Peak season for the snowbirds heading south on the intracoastal waterway has become a log jam. (The canal is so near to my neighborhood that on calm mornings in winter I can hear the tugboat radios and the coxswains calling out cadence over megaphones to the crew boats that row the canal). Unfortunately one of the four valves that allow water to move in and out of the locks has become stuck. There is no easy repair when the valve is a 10 foot by 12 foot piece of metal located beneath the waterline. To even get to the site of the problem will involve designing, bidding out and constructing a coffer dam.
The locks normally open and allow passage on the hour, up to 24 times a day. With the stuck valve passage might be possible once or twice a day, only at low tide when the wind is mild enough to allow the water on the river side to be level with the water on the canal side.
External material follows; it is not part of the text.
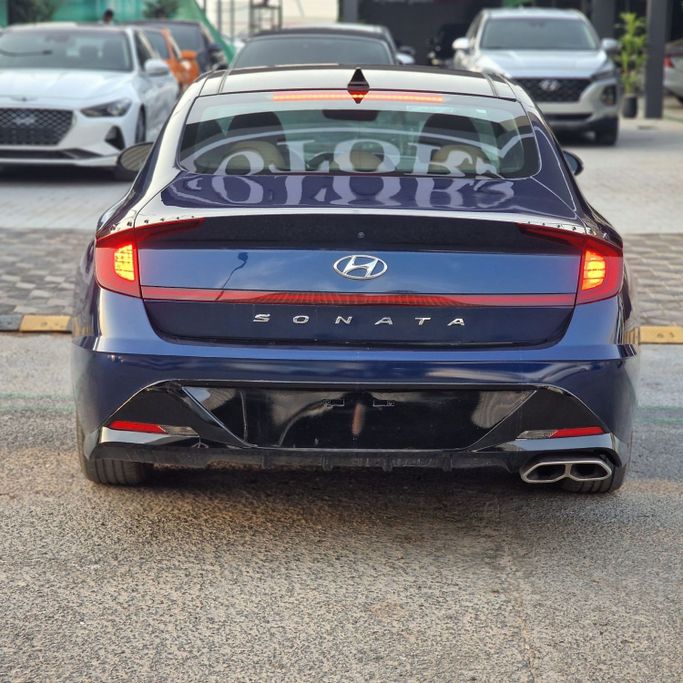 Подержанный Hyundai Sonata VIII (DN8), 2.5 л, 2021 в Аджмане от Syria Motors Синий цвет. Американская | AUTO.AE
The southern end of the river is crowded with boats, as is Craford Bay in Portsmouth. The snowbirds may be delayed slightly in reaching the sunshine and warmth of the Caribbean.
There are two alternate routes south. The Dismal Swamp Canal is scenic, but narrow and shallow. The offshore route is proving difficult with the coast guard responding to calls for assistance from four boats in the Atlantic over the last 24 hours.
Before heading to Chestertown for the downrigging I replaced the bunk supports on Spartina's trailer. All four supports were heavily corroded, two of the cracked. I also notice the leaf springs and axle brackets were heavy with rust. My winter work, along with sanding and repainting Spartina's hull, will include rebuilding the trailer. Between sanding, painting and trailer work, it should be a busy winter.